### EXTRACTED RECORDS
-*-
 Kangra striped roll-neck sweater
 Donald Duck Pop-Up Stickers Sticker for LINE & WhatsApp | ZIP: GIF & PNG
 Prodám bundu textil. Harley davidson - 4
-*-
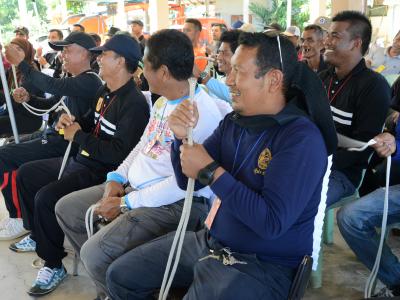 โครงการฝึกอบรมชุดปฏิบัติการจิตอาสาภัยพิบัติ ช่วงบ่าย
-*-
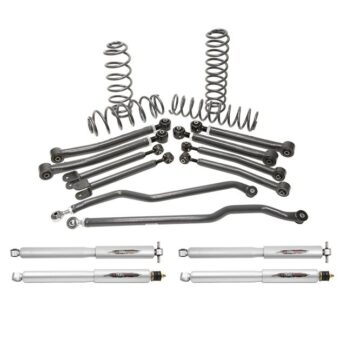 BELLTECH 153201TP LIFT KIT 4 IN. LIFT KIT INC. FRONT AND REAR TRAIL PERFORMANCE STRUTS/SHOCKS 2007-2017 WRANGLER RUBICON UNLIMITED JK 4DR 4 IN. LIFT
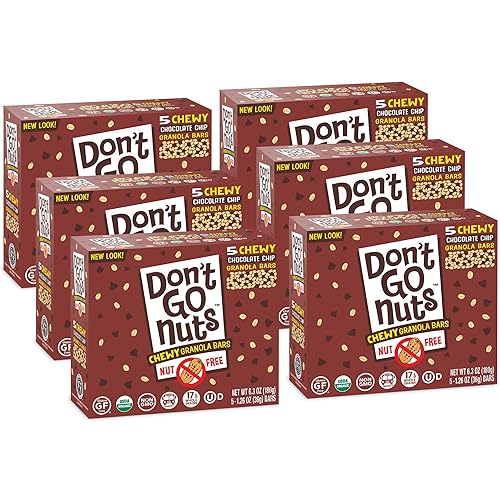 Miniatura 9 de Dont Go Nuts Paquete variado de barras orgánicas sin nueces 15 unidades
-*-
### PROBLEM DESCRIPTION
Within the listing above, the lines from the one with "BELLTECH 153201TP LIFT" through the one with "Miniatura 9 de" are to be given again word for word. Do not include pictures.

### SOLUTION FOR THIS TASK
 BELLTECH 153201TP LIFT KIT 4 IN. LIFT KIT INC. FRONT AND REAR TRAIL PERFORMANCE STRUTS/SHOCKS 2007-2017 WRANGLER RUBICON UNLIMITED JK 4DR 4 IN. LIFT
 Miniatura 9 de Dont Go Nuts Paquete variado de barras orgánicas sin nueces 15 unidades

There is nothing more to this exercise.